Former Revolutionary Guards commander Mohsen Rezaie, seen as having only an outside chance of success, ruled out a coalition with any of his rivals on Wednesday, English-language Press TV said.

The editor of an influential hardline newspaper called for conservative "Principlists" to close ranks to ensure a win.

"Isn't the presence of one Principlist candidate with many votes better than the scattering of votes among Principlists?" Hossein Shariatmadari wrote in the pages of Kayhan.

Wednesday is the last full day of campaigning.

"IMPRUDENCE AND EXTREMISM"

Akbar Hashemi Rafsanjani, Iran's centrist former president who was barred from standing last month by the Guardian Council, threw his weight behind Rohani on Tuesday, saying he was "more suitable to steer the executive branch".

Rohani could benefit from a high turnout from young Iranians, women and the urban middle-class who powered a strong reformist campaign in 2009 that turned to protests after their now-imprisoned leaders said Ahmadinejad's win was a fix.

But many reformist supporters are disillusioned and may choose instead to stay at home on Friday.

"People are not eager to go and vote themselves, but they are worried about who will get elected," said Zoha, a 28-year-old dental student in Tehran.

"I will vote for Rohani.

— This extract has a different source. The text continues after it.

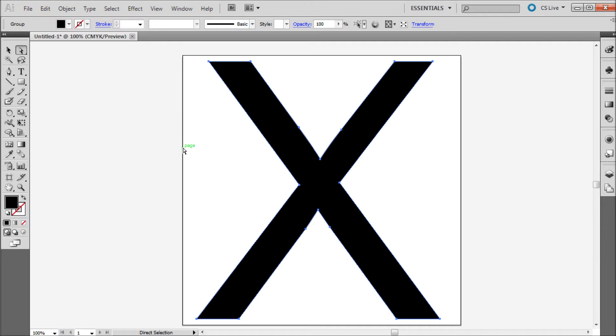Illustrator has turned your type into a shape, so it will no longer be editable with the type tool.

I will only vote because it might help prevent someone like Jalili getting elected," she said. "He is a hardliner who will only take away our freedom even more."

Rafsanjani, a veteran political heavyweight, said his candidacy had lit up the election race and excited Iranians but a senior security official had intervened to tell the Guardian Council to block him from standing.

Rafsanjani blamed Iran's policy makers for exacerbating it's diplomatic isolation and failing to prevent tighter sanctions.

"The Islamic Republic of Iran is in a dangerous situation and people must be placed in official positions who can understand the desires of the youth and return our country to its real position, not bring on more threats and sanctions from enemies through imprudence and extremism," ISNA quoted Rafsanjani as saying.